ZURICH (Reuters) - Swiss watch exports to their top market Hong Kong fell a modest 1.3% in July amid increasingly violent anti-government protests in the former British colony that have weighed on watch sales.
That was a sharp improvement from the 27% drop in June.
Overall exports by the sector rose 4.3% to 1.9 billion Swiss francs ($1.94 billion) in July.
One of the world’s most popular shopping destinations, Hong Kong is on the verge of its first recession in a decade as mass demonstrations scare off tourists and bite into retail sales.

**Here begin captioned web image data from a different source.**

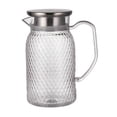thumbnail image 2 of Jarra de jugo, jarra fría, refrigerador y tapa, resistente al calor, para el hogar, té helado, transparente tapa de acero plata, 2 of 9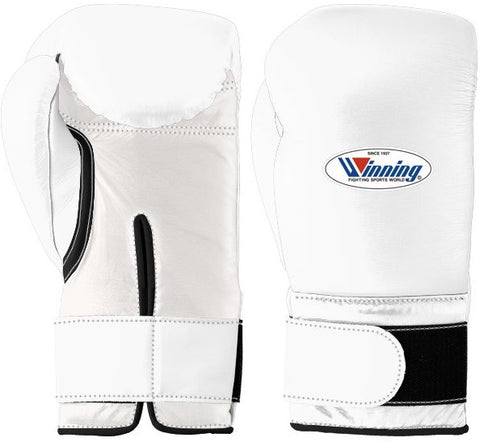 Winning Velcro Boxing Gloves - White · Black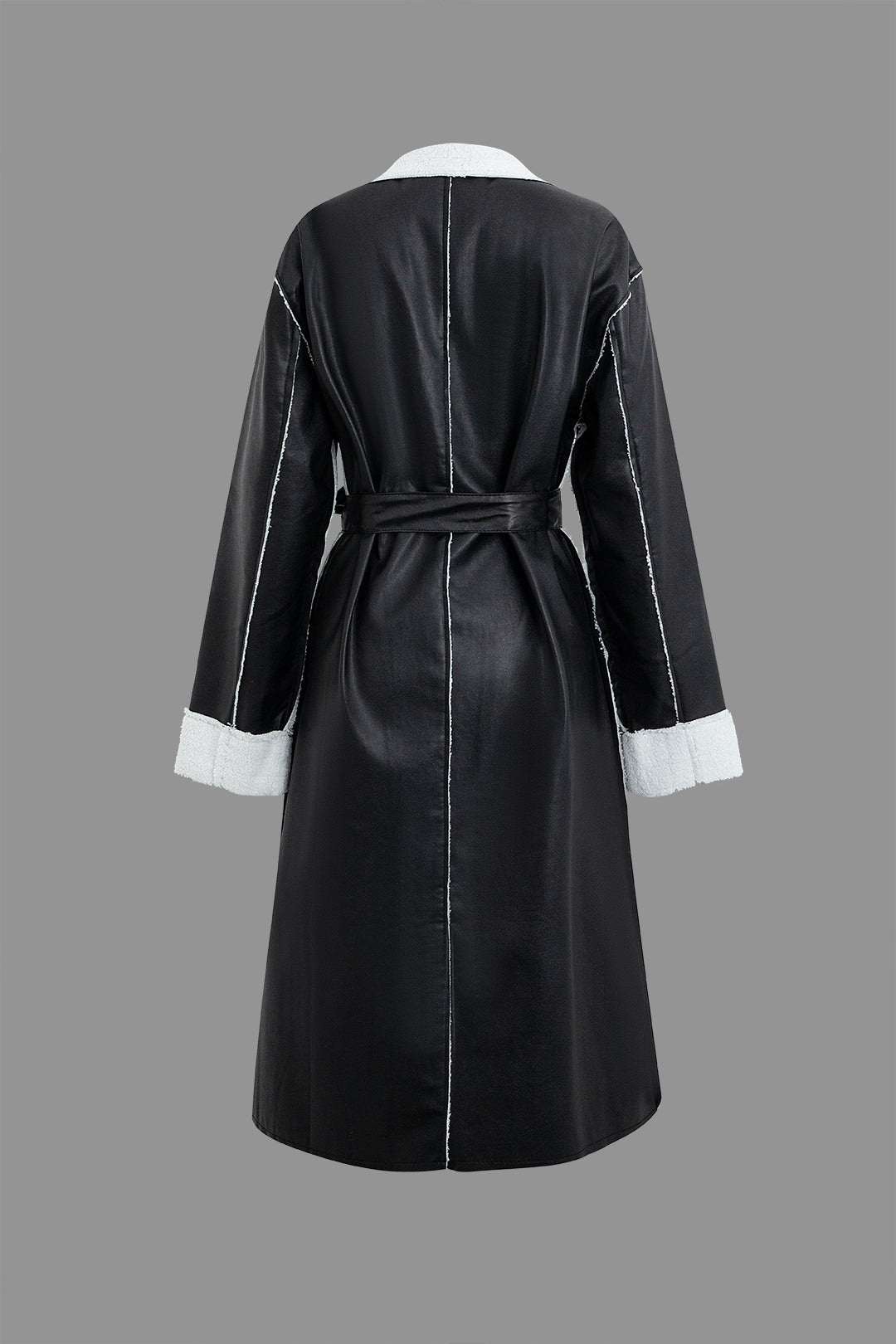 Faux Leather Fleece Notched Lapel Long Sleeve Coat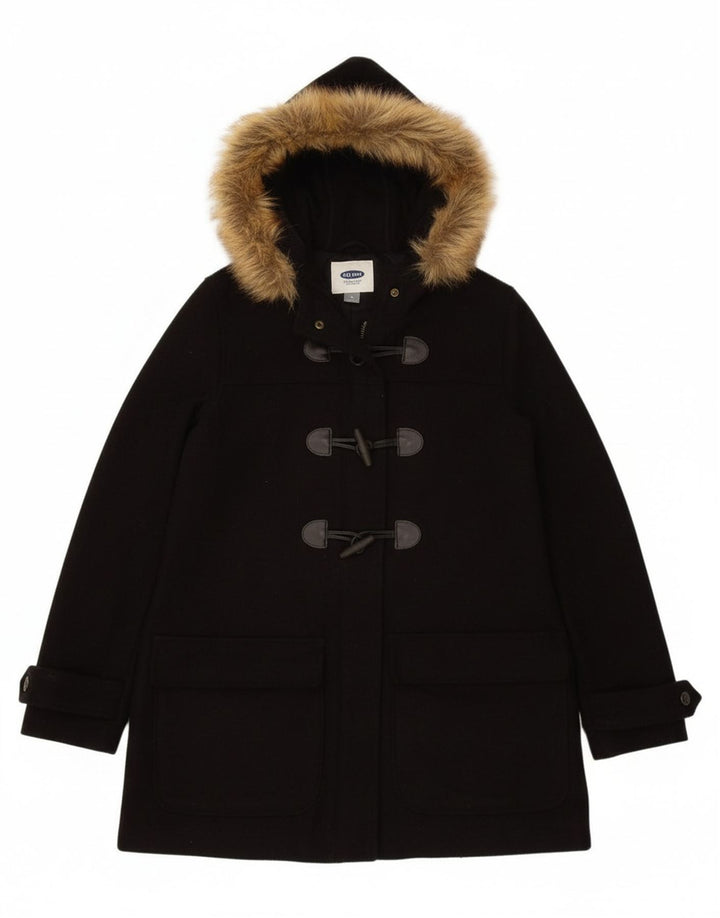 OLD NAVY Womens Hooded Duffle Coat UK 14 Medium Brown Wool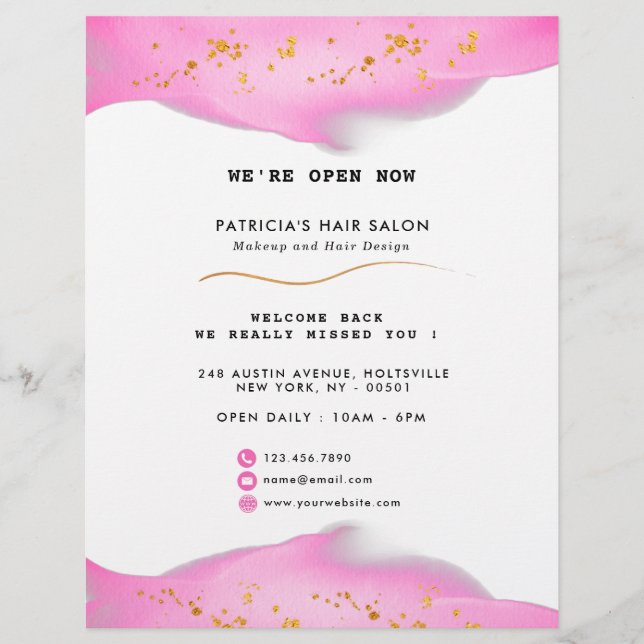 Elegant  Rosa och Guld Glitter Reklamblad (Framsidan)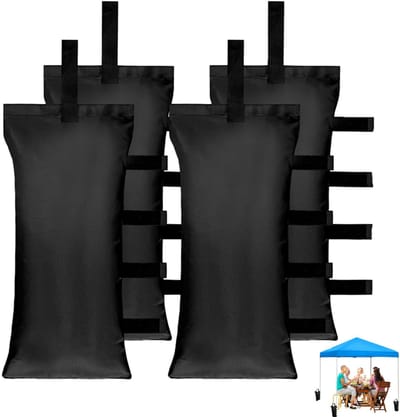 4 stuks - Set met contragewicht zandzakken voor luifel - Contragewicht zandzak voor luifel - Zwart - Zandzak - Contragewicht zandzak voor luifel - Grote, winddichte zandzak voor vast frame - Met klittenbandsluiting en draaghendel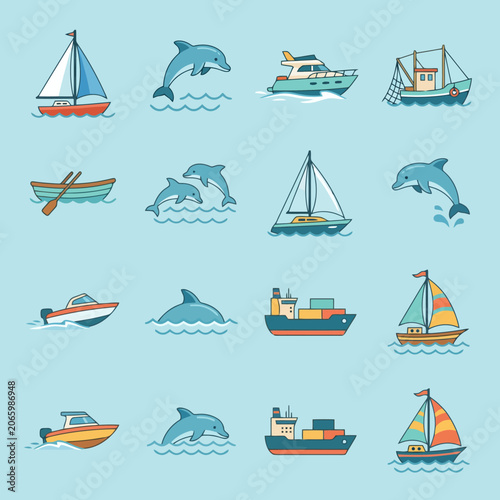 Photography Set of maritime transportation icons and jumping sea animals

Hong Kong leader Carrie Lam said on Tuesday she hoped a peaceful weekend anti-government protest was the start of an effort to restore calm and that talks with non-violent protesters would provide “a way out” for the Chinese-ruled city.

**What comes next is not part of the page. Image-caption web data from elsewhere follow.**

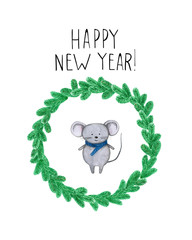 Watercolor illustration. Cute mouse, symbol of 2020 in the center of the circle of Christmas branches. Postcard with the inscription Happy new year. Isolated on white background.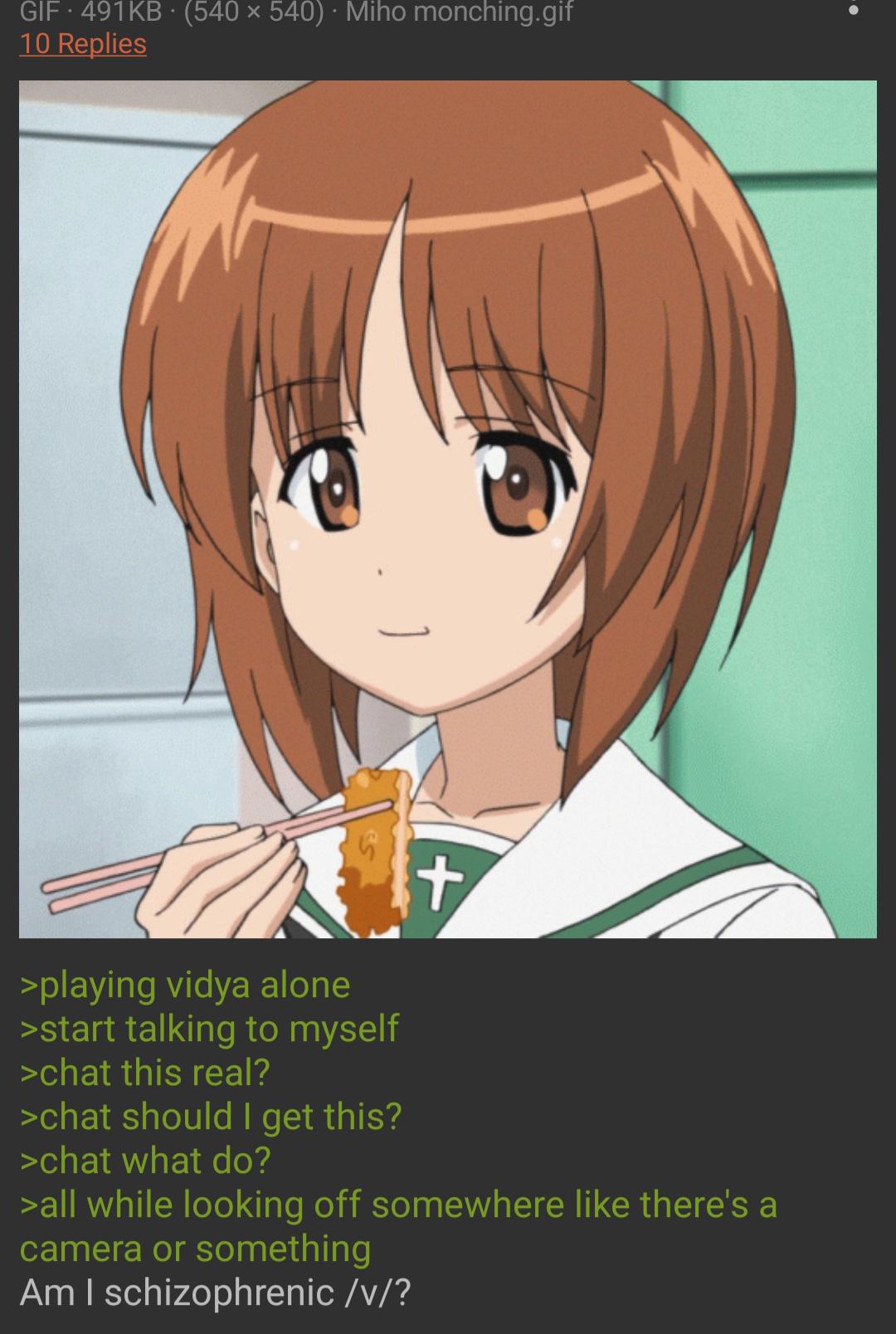 GIF 491KB (540x540) Miho monching.gif 10 Replies S + >playing vidya alone >start talking to myself >chat this real? >chat should I get this? >chat what do? >all while looking off somewhere like there's a camera or something Am I schizophrenic /v/?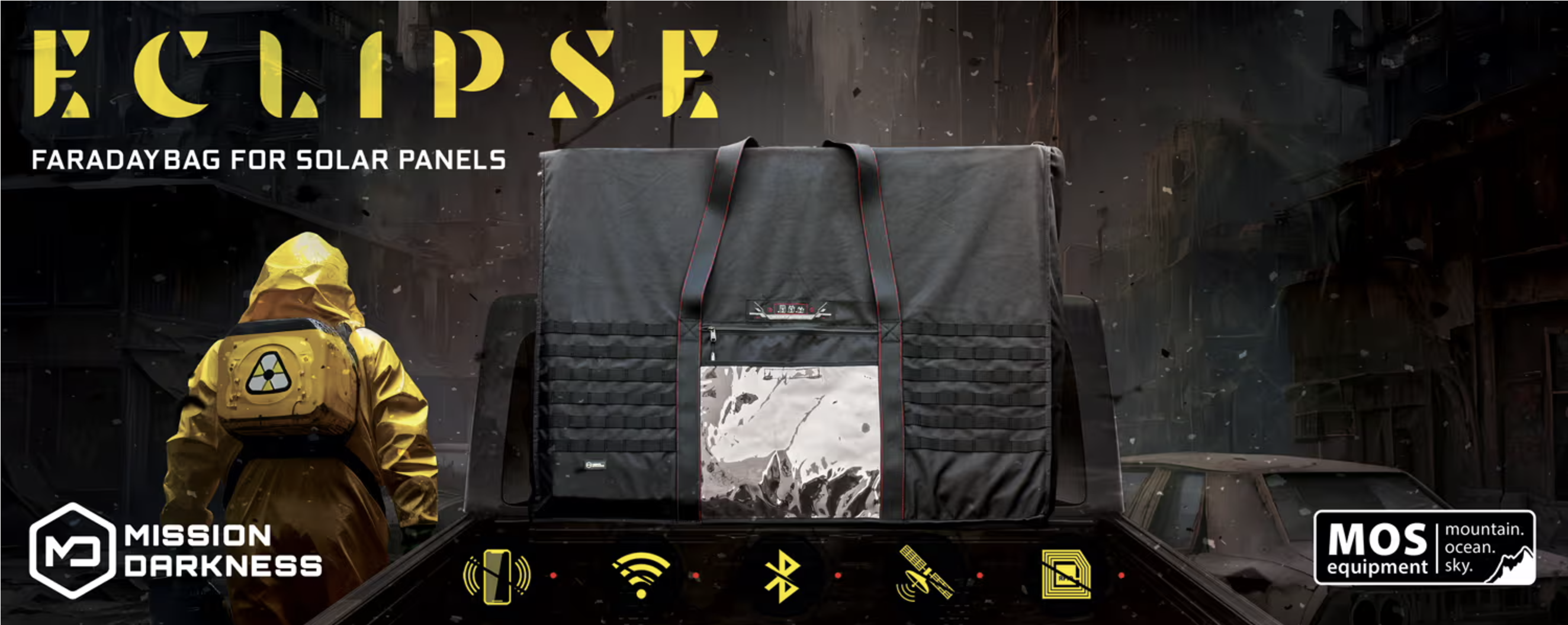 Cryptsec | Mission Darkness™ Eclipse Faraday Bag för solpaneler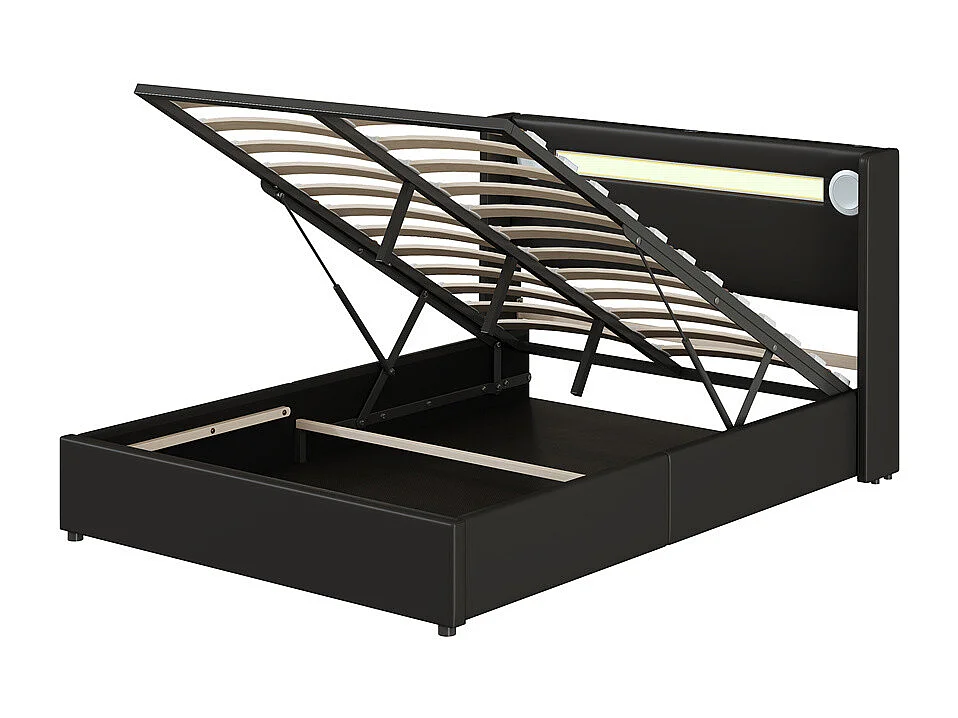 Gestoffeerd bed 140x200cm lattenbodem bed LED-lichtbalk bed Bluetooth-speler en USB-oplaadbaar tweepersoonsbed zwart PU-leer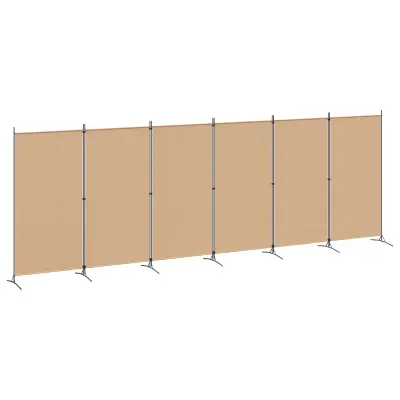 vidaXL 6-Panelski Pregradni Stojalo Bež 520 x 180 cm Blago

The Asian financial center that reverted from British to Chinese rule in 1997 is the biggest foreign market for Swiss timepieces, absorbing 13.5% of the exports by value in July.
The U.S. market had a 10.1% share and China 8.0%, Federation of the Swiss Watch Industry data showed on Tuesday.
Vontobel analyst Rene Weber said in a note last week that Hong Kong was one of the most important market for Swiss watchmakers Swatch Group (UHR.S) and Richemont (CFR.S), representing about 11% of their sales.
Kepler Cheuvreux’s Jon Cox said he had cut growth assumptions for this year and next. He also reduced earnings per share estimates for Swatch Group by 6% and for Richemont by 4% over the next two to three years.
Swatch shares have lost 7.5% while Richemont stock has gained 19.3% this year.